Leadership-incorporate the three concepts of influence, power and motivation.

Leadership-incorporate the three concepts of influence, power and motivation.

The word “leader” ultimately derives from the Latin word for “the one who goes first.” And while leadership is often associated with those in government or the military, it need not be.

In fact, leadership can encompass a wide variety of roles, such as a mom leading her family, an organizer leading a protest march, or even a supervisor leading his team.

The actual definition of leadership is often debated. However, most definitions incorporate the three concepts of influence, power and motivation.


There are many different types of influence that a leader might utilize, including:


A more formal definition of power is “the ability to change others’ behavior through the application of reward or punishment.” All leaders have some form of power at their disposal, such as:

Formal Power – A leader who has a formal position is given the authority to change an organization’s processes and procedures. This includes both monetary incentives such as raises and bonuses, and non-monetary incentives like promotions or transfers.

Social Power – A leader with social power is one whose position in a community grants him or her the ability to influence people by the social norms of that environment. Positions such as celebrities, clergymen and others who are held in high regard often have some form of social power.

Informal Power – A leader with informal or personal power can be a single person in charge of a small team, or can also be an individual who has control over a large group of people like a parent leading a family. The former is more likely to lead with power than the latter.


To explain motivation, we must first define the concept of goal. A goal is “an imagined result to achieve.” A goal can be as simple as a desire to get an A grade or as complex as a desire to get married and have children. Either way, all goals are related to a need for achievement.

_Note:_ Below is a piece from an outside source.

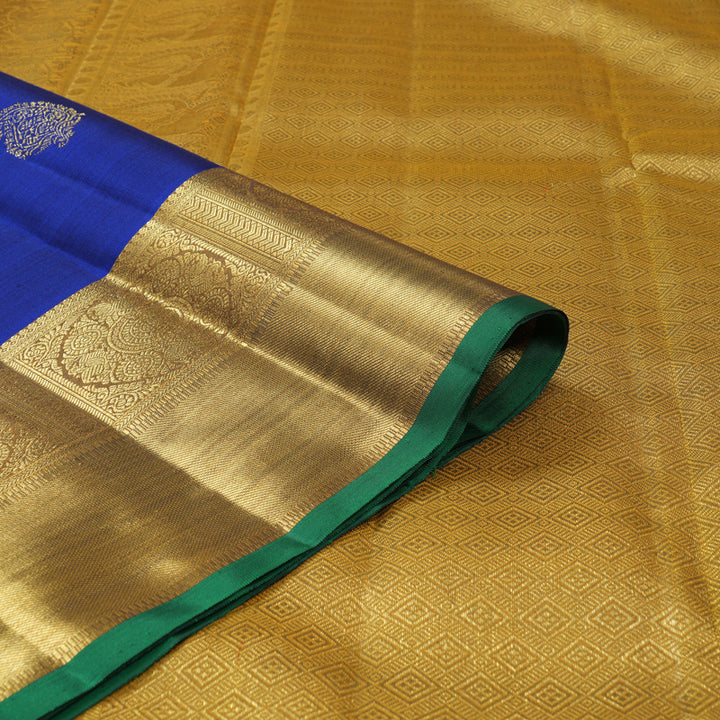 Hayagrivas Handloom Peacock Blue Kanjivaram Silk Saree with Honey Mustard Border BF113-SBS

Motivation is measured on a scale of 1–5, with 5 being the highest level. An individual that has high motivation and high quality will be able to achieve more in less time than an individual of lower levels in both motivation and skill.

Followers are the individuals who support a leader’s ideas or goals. The relationship between the leader and the follower is symbiotic, because each relies on the other to survive and thrive in whatever task they are performing.

Most leaders are exercising influence in an attempt to motivate their followers to action. There are five basic ways to motivate individuals:

1) Payment, also known as compensation (e.g.: money); This is what many people think of first when they hear the word “compensation.” Money can be used as either a tool to get an individual into a position of authority or as a tool to keep that individual working towards achieving goals and objectives.

2) Positive reinforcement (e.g.: praise); This is another way that people tend to think of when they think about motivating someone. Praising people for their efforts is a good form of motivation because it shows that the individual did something right and deserves to be rewarded for it.

3) Negative reinforcement (e.g.: criticism); Although most people do not like criticism, positive criticism can actually help some individuals improve their performances. This is because negative feedback can be used as an opportunity to improve performance the next time around by learning from one’s mistakes and moving on. By acknowledging good behaviors, this tactic can then motivate the individual in the future through positive reinforcement.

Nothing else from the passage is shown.